«Ха! – покачал головой Варлаам. – Ничего себе – проще всего убить! Для разбойника с большой дороги – это так. А для монаха, живущего в Божием страхе и почитающего живую жизнь священною, ибо всякое дыхание славит Господа?» Нет, об убийстве Варлаам не мог и подумать. Ведь он даже комара-кровососа убить гнушался, не шлепал его на теле своем, а сгонял широкой ладонью либо сдувал, ибо сказано: «Кто его убьет, тот человечью кровь прольет!» Ни капли человечьей крови не пролил монах Чудова монастыря Варлаам Яцкий за всю свою полувековую жизнь – поздно и начинать. Значит, надобно от сего опасного Гришки избавиться каким-то иным способом.
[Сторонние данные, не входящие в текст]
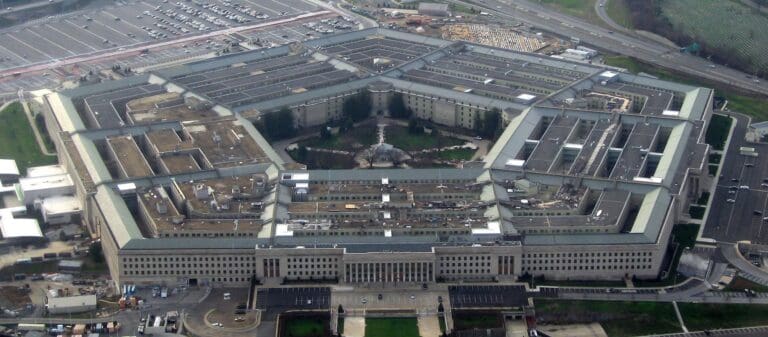 Lire la suite à propos de l’article Pentagone : Washington veut doubler sa production de missiles face au risque de conflit avec la Chine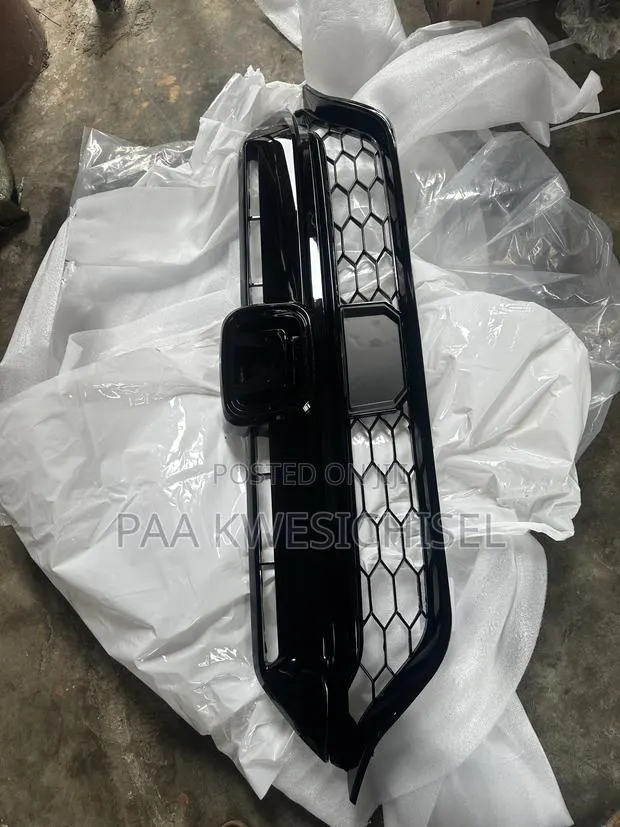 Honda CRV 2019 2020 2022 Front Bumper Grill · Photo 1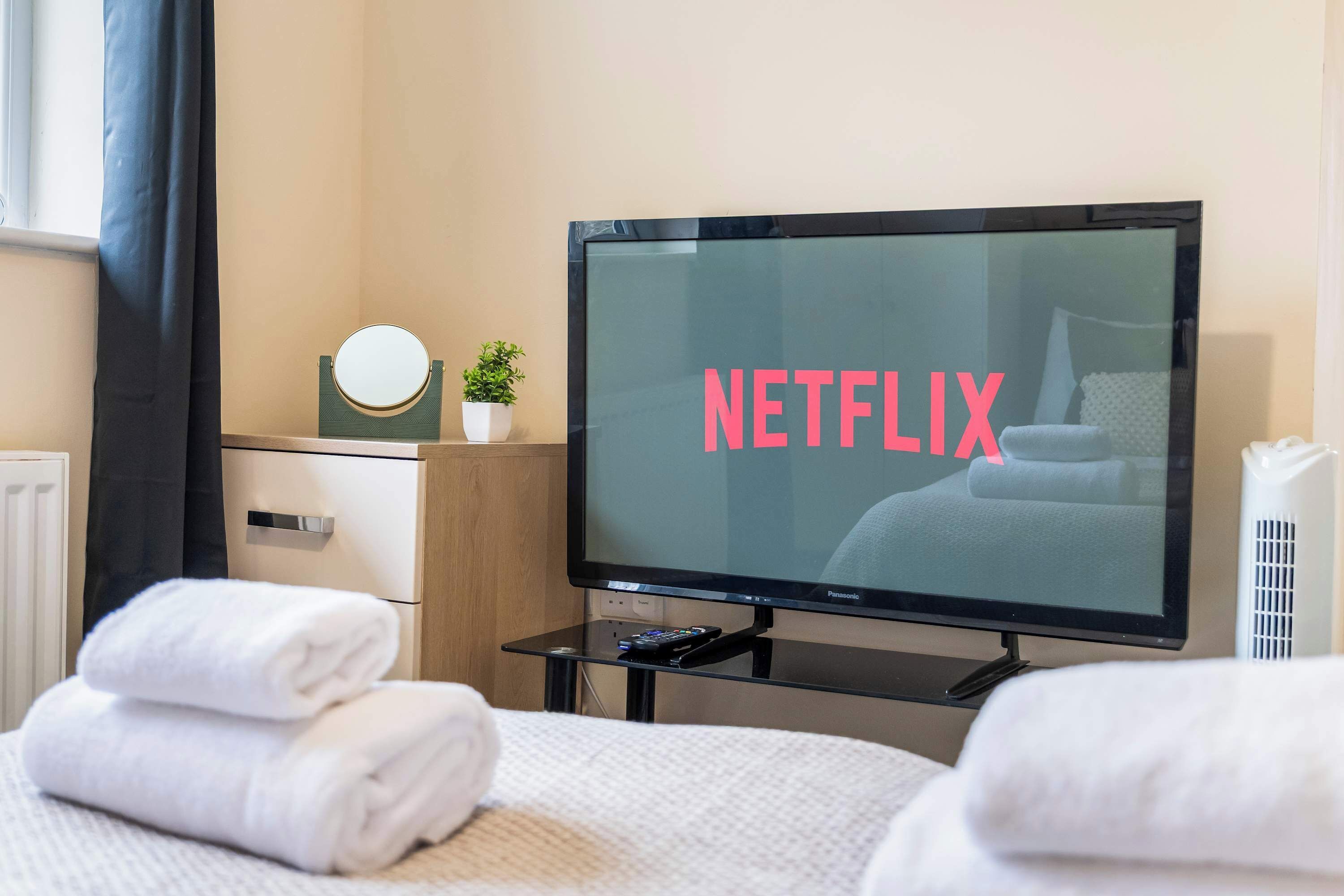 Tabla de planchar con plancha, wifi, ropa de cama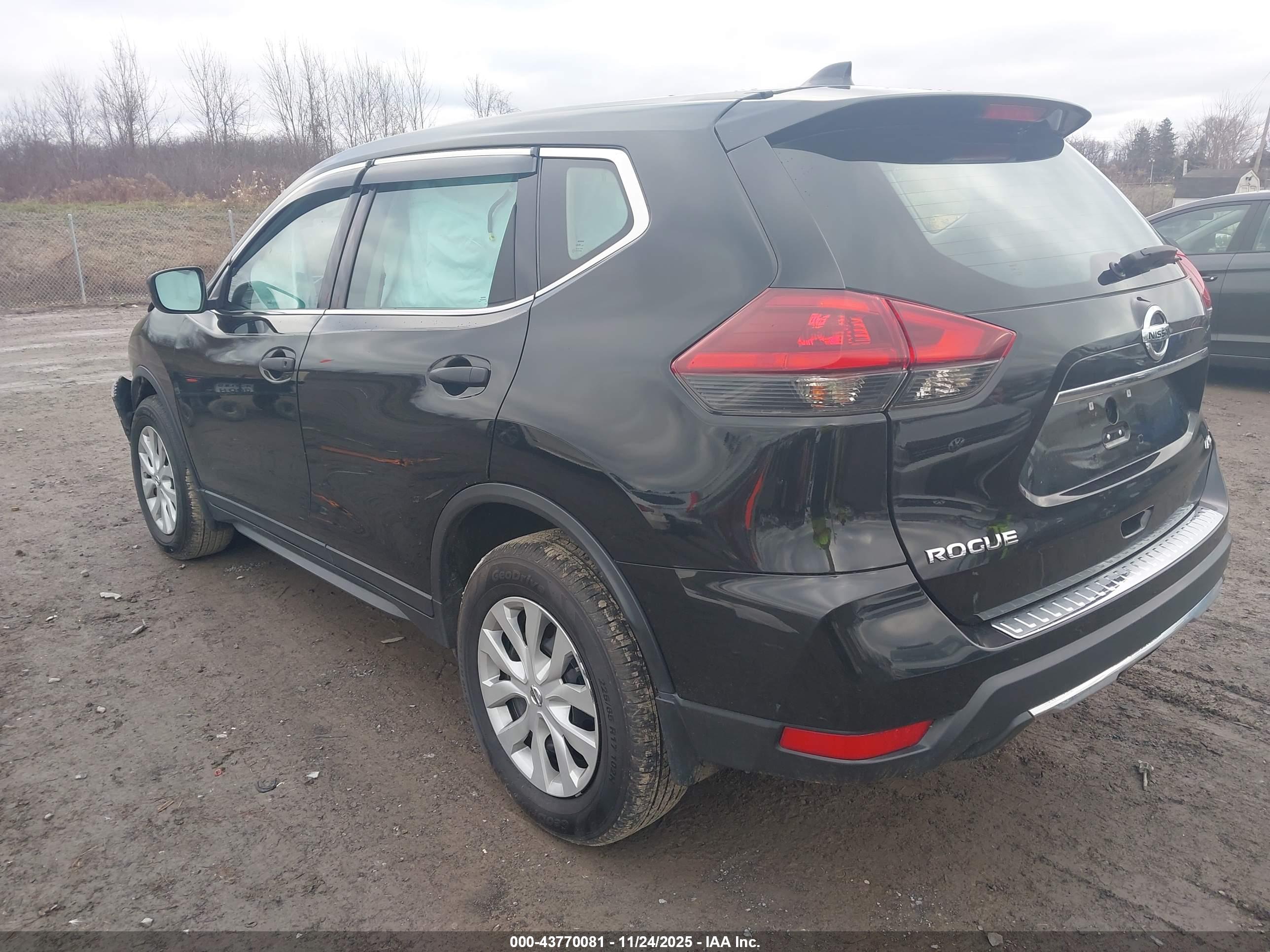 NISSAN ROGUE image 3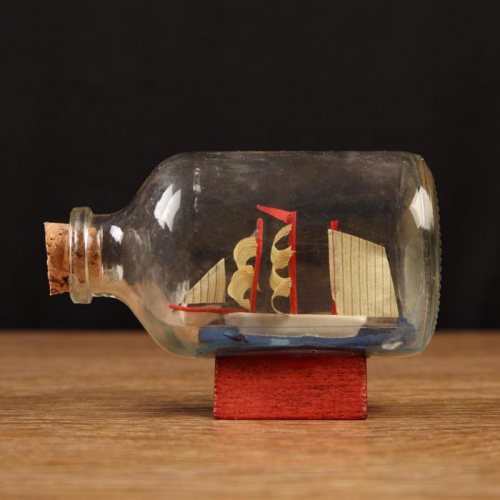 Корабль сувенирный, в бутылке, горизонт. 7,5*4*5см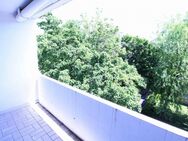 Lichtdurchflutete 2-Zimmerwohnung mit Balkon und Stellplatz! - Stuttgart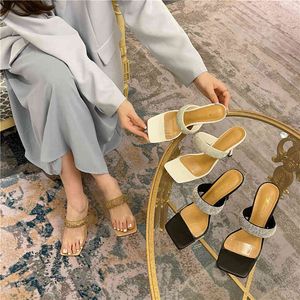 E 3 4 großhandel-Sandalen Designer Luxusstern Weißes Haus B große dicke Diamantstreifen Sandalen dünne Absätze hoher quadratischer Zehen Frauenschuhe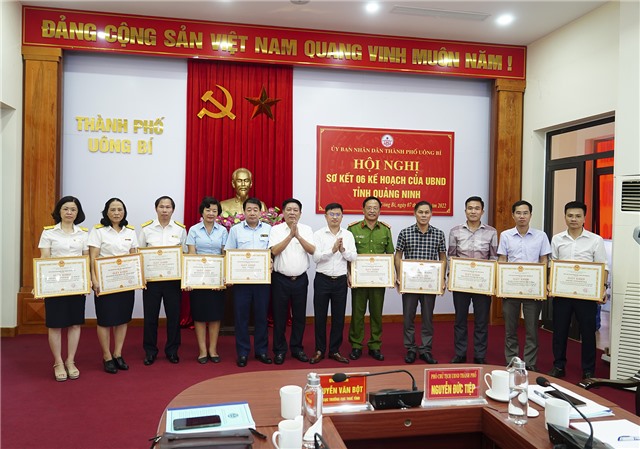 Sơ kết thực hiện 6 kế hoạch quản lý nhà nước của uu888.con tỉnh về thuế 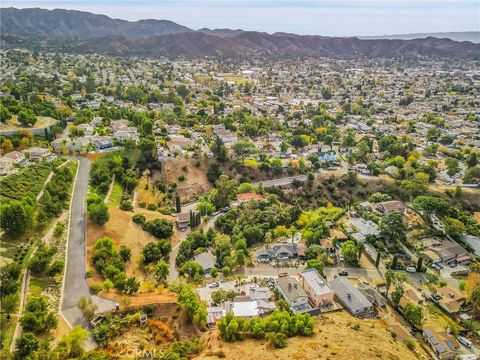 A home in Tujunga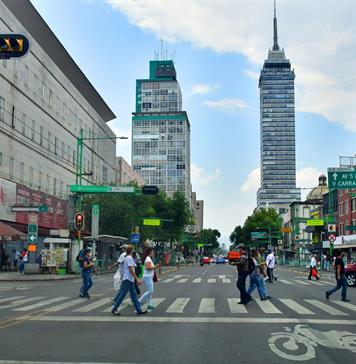 La OCDE baja al 0,8 % el crecimiento de M&eacute;xico en 2026 y mejora al 1,8 % el de 2027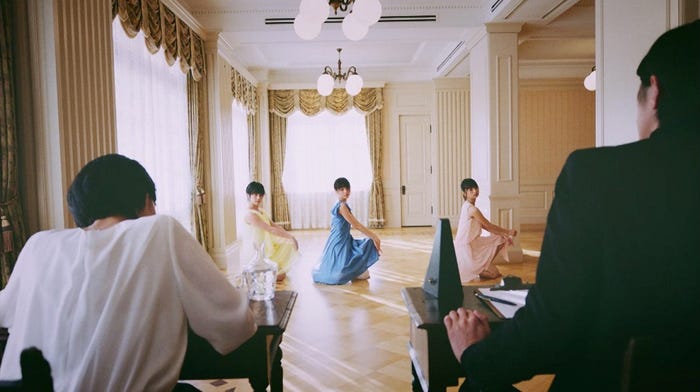 乃木坂46「Another Ghost」MVより(画像提供:ソニー・ミュージックレーベルズ)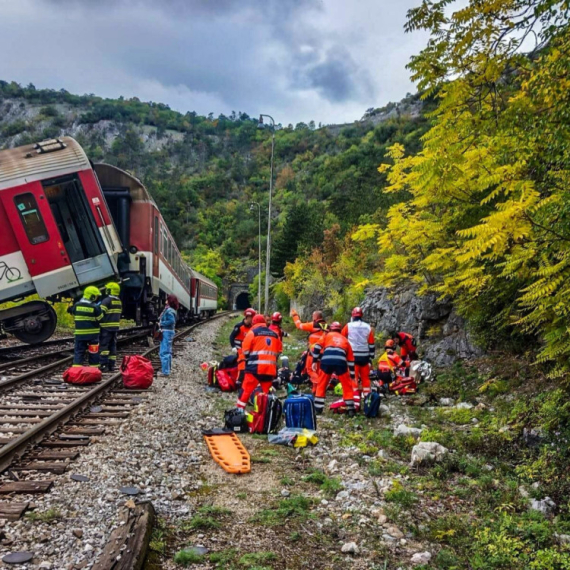 Chaos in Slovakia: Trains collide – at least 100 injured; Rescue helicopter deployed PHOTO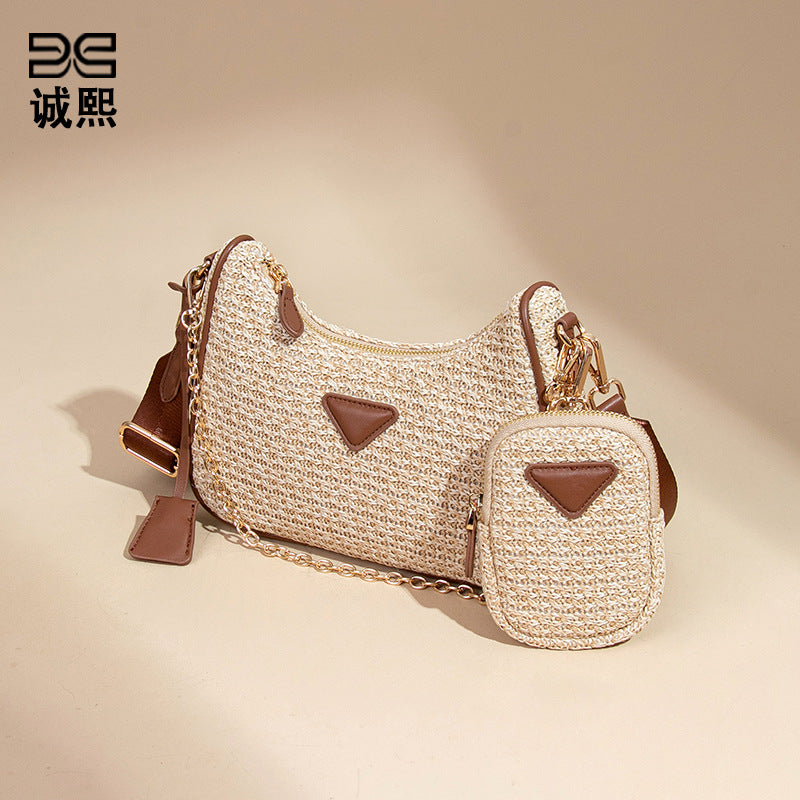 简约小清新斜挎沙滩包拉菲草两件套单肩腋下包时尚小众草编月牙包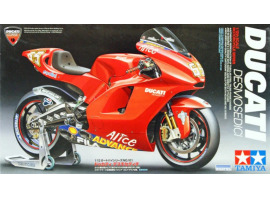 обзорное фото Scale model 1/12 Motorcycle Ducati Desmosedici Tamiya 14101 Мотоциклы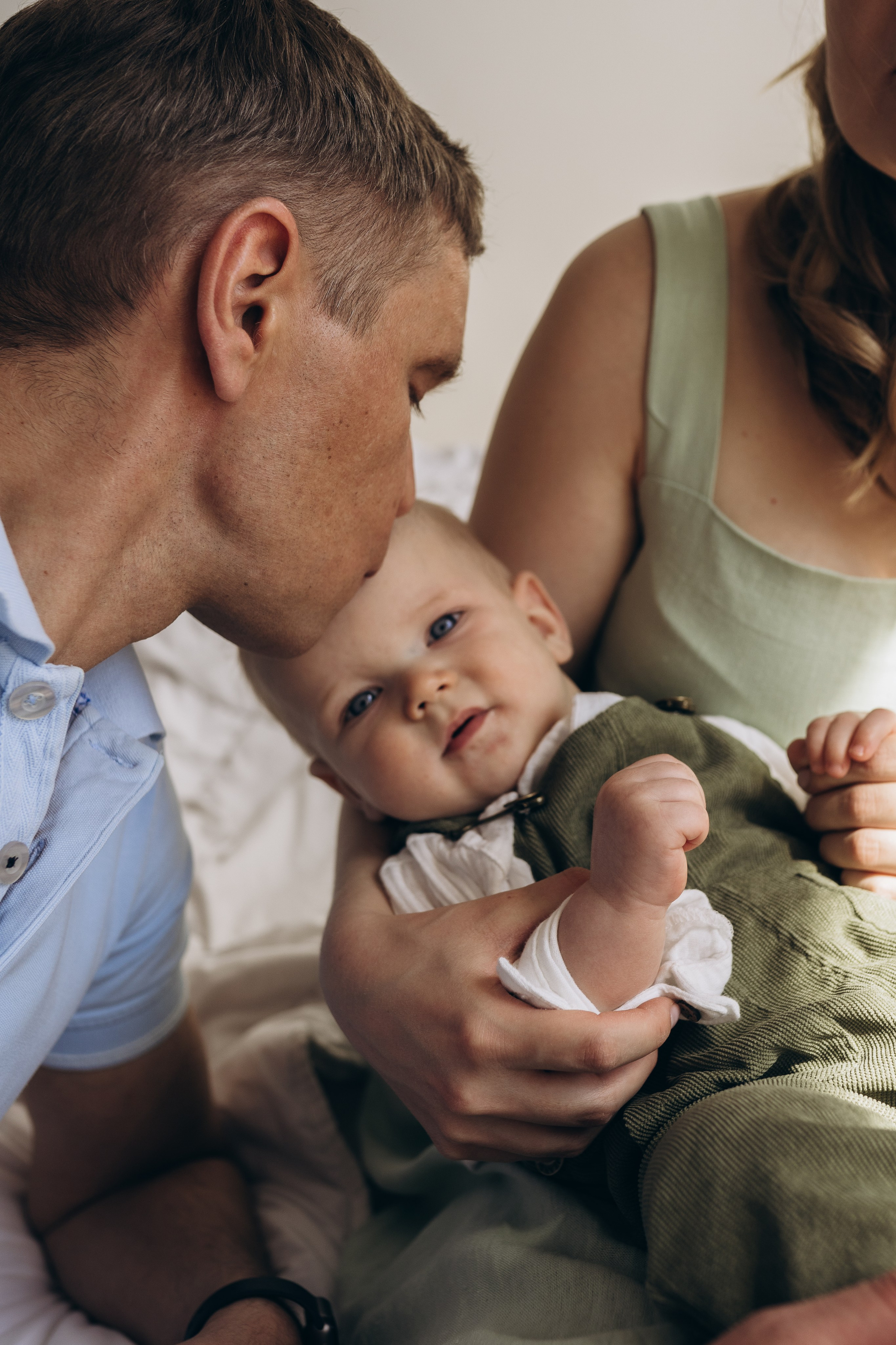 Семейная фотосессия в студии в Москве, семейный фотограф Анна Полушина. Свадебный фотограф в Москве Анна Полушина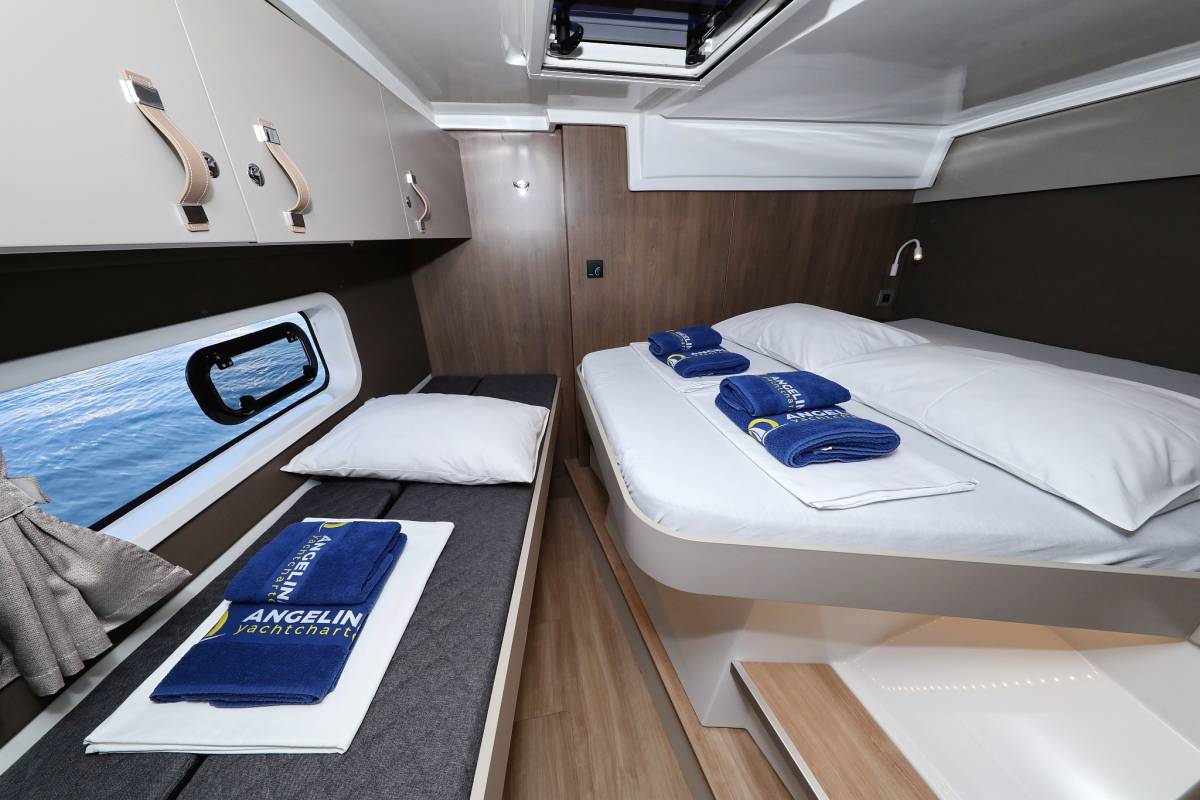 Bali Catspace, Ocean Office | Yacht Charter Croatia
Но каким же, каким? Как удалить его из Самбора? Уговаривать бесполезно, добром он не уйдет. Хитростью? Да разве обхитришь такого!
И тут снова в Варлаамовой голове засновали с невообразимой быстротой мысли. Он вспомнил, что здешний лекарь – жид, конечно, ибо все лекари испокон веку жиды, но человек все же хороший и добрый, ибо встречаются и среди этого племени хорошие и добрые люди! – хвалился недавно в корчме, что у него есть некое забудящее зелье. Стоит человеку его выпить – и он на несколько дней начисто забывает, кто он таков есть. И волю свою совершенно теряет, и можно с этим человеком делать все, что душе угодно. Скажем, вывести его из Самбора и отвести хоть в Украйну, хоть в саму Россию. Даже и до Москвы его можно довести, если почаще давать это забудящее зелье… А то и до Святой земли!
Дорого зелье стоит, конечно, да ведь благодаря щедротам Димитрия-царевича у Варлаама набилась тугая мошна. Чай, хватит на солидный запас питья. А на что ему еще деньги? Пыль это все, пыль и грязь. Деньги копить – грехи копить. Да и разве жаль хоть самых больших денег ради друга… особенно если друг твой – законный русский царевич Димитрий Иванович? Небось в долгу перед Варлаамом не останется – сочтется когда-нибудь, хоть бы угольками на том свете!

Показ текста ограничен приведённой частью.